Réunir dans un même dossier une réflexion sur l’aliénation des objets de collections muséales canadiennes, principalement les œuvres d’art de provenance internationale, et un regard porté sur les enjeux soulevés par le rapatriement des biens culturels autochtones dans leur communauté d’origine, peut à première vue étonner. Si dans les deux cas il est question de mouvement dans les collections, les intentions à l’origine de ces deux procédures et les objectifs qui y sont poursuivis sont souvent fort distincts. Bien que l’actualité récente nous ait incités à les traiter de manière conjointe dans ce dossier, il n’est pas de notre intention de les opposer.

Ces deux sujets soulèvent des problématiques de fond relatives, notamment, au caractère « sacro-saint » accordé parfois sans nuance aux collections muséales dans le monde occidental, à l’utopie du musée qui au-delà d’être global serait « universaliste » en prétendant s’adresser à tous, et aux défis que représente la conservation des héritages culturels d’une nation qui en regroupe plusieurs. En somme, la véritable question est ici de savoir qui décide pour qui, ou plutôt, qui conserve quoi au bénéfice et au détriment de qui. Cela soulève des considérations démocratiques de première importance et appelle à recourir à des éléments d’analyse à la fois d’ordre historique, culturel, institutionnel, politique et législatif, notamment.

L’actualité médiatique

La presse québécoise et canadienne a été amenée à se pencher sur l’aliénation des objets de collections muséales dans le cadre de « l’affaire Chagall », née de la tentative du Musée des beaux-arts du Canada de vendre une œuvre de cet artiste afin d’amasser les fonds nécessaires pour acquérir un tableau de Jacques-Louis David. Cette manœuvre a porté à l’avant-scène le critère d’« importance nationale », dont l’absence permet de justifier les aliénations et les exportations d’œuvres d’art. Plusieurs médias internationaux1 ont également rendu compte de l’affaire – il nous semblait alors qu’ils ne s’étaient pas autant intéressés à la scène canadienne depuis la débâcle de la Biennale de Montréal.  

Si dans ce dossier nous nous sommes avant tout préoccupés du contexte canadien, la scène internationale nous offre de nombreux exemples d’aliénation témoignant « du meilleur comme du pire ». Aux États-Unis, où l’aliénation se pratique de manière plus décomplexée, certains cas ont récemment soulevé l’opprobre d’une partie de la population. Pensons, à titre d’exemple, au projet d’aliénation d’œuvres du Detroit Institute of Art, musée municipal qui, en 2014, a failli devoir vendre une partie de sa collection afin de rembourser les créditeurs de la Ville en faillite.
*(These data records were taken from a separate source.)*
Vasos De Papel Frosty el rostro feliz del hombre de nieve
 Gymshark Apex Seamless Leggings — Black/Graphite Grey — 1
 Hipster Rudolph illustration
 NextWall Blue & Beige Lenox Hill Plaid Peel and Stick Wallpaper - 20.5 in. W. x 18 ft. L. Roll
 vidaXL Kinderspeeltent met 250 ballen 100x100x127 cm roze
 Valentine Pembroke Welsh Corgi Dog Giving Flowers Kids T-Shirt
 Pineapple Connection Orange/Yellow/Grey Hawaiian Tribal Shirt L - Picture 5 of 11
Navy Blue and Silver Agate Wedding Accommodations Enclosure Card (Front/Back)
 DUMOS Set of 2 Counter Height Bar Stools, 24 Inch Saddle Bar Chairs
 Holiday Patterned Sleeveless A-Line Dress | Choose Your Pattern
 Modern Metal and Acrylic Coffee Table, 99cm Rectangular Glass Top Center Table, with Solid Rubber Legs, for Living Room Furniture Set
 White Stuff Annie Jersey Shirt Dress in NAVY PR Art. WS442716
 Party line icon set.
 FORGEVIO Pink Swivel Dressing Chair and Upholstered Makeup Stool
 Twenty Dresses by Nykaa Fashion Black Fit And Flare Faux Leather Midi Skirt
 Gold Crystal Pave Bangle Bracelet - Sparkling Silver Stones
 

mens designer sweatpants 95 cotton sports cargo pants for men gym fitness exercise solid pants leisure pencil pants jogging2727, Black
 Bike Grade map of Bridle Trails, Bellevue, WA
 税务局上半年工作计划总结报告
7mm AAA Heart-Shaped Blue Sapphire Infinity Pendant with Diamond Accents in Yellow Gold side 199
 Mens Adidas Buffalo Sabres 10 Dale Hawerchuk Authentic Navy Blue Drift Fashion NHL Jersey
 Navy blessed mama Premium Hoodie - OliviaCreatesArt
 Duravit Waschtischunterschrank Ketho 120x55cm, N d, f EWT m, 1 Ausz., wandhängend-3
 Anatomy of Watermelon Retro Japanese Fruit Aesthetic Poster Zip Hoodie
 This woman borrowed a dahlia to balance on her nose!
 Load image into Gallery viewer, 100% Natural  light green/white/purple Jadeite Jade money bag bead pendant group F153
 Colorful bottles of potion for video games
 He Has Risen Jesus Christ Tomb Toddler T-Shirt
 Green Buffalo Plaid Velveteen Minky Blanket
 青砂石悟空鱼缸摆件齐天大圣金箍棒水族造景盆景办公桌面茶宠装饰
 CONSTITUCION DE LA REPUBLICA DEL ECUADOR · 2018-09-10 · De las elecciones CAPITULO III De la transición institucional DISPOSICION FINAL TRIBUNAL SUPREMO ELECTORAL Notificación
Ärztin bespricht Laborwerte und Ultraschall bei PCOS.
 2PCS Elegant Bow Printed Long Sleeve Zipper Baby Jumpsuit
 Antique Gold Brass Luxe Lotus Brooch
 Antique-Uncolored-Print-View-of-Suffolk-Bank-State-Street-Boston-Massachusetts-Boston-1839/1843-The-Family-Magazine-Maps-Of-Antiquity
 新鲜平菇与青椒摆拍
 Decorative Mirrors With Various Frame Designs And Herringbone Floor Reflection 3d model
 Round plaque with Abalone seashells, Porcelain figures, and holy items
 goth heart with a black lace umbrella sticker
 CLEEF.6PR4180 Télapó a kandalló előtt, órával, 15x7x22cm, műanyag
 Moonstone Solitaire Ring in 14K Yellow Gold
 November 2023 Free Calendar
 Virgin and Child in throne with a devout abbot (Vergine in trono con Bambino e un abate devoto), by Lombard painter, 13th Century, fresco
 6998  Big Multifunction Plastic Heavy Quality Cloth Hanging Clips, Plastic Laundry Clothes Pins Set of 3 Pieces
À l’opposé, d’autres initiatives pourraient ouvrir des voies intéressantes pour le futur. Le Baltimore Museum of Art, en 2018, a mis en vente des œuvres de grands peintres américains du 20e siècle – invariablement blancs et de sexe masculin – afin de financer l’acquisition d’œuvres d’artistes sous-représenté.e.s dans sa collection, qu’elles soient femmes, afro-américain.e.s ou plus largement issu.e.s de la diversité. Et ce, afin de tendre vers une collection plus représentative de la composition socioculturelle de Baltimore et de ses environs.

Traiter conjointement des enjeux soulevés par l’aliénation et le rapatriement permet de s’interroger sur une certaine conception des collections muséales, « éternelles » et « universelles ».

Au Canada, peu de temps après le dévoilement de « l’affaire Chagall » dans les médias nationaux et internationaux, le litige entourant l’exportation d’une œuvre de Gustave Caillebotte vendue par la maison de vente aux enchères Heffel a maintenu dans l’actualité médiatique la problématique de l’« importance nationale » des œuvres d’art. S’il n’est ici plus question de sorties d’œuvres hors des collections muséales, mais plutôt d’exportation à des fins commerciales, en relever l’impact sur la préservation de l’héritage culturel n’en est pas moins pertinent. Plus encore, la judiciarisation de l’affaire a entraîné des répercussions légales qui ont de lourdes conséquences sur le présent et le futur des collections muséales. Cette nouvelle a été commentée dans les médias tant anglophones que francophones au pays.

Tel n’est pas le cas de l’actualité entourant le rapatriement des biens culturels autochtones dans leur communauté d’origine, un sujet qui semble avoir été négligé par la presse québécoise francophone. Pourtant, le projet de loi C-391, Loi concernant une stratégie nationale sur le rapatriement de biens culturels autochtones, a été adopté à l’unanimité le 6 juin dernier et sera étudié cet automne par le Comité permanent du patrimoine canadien. Ce silence tranche avec l’intérêt de la journaliste Kate Brown et son optimisme – quoique discutable à certains égards – dont l’article du 25 juin 2018 publié dans Artnet News avait pour titre “People Across the Globe Want Their Cultural Heritage Back. Canada May Offer a Blueprint for How to Get There2”.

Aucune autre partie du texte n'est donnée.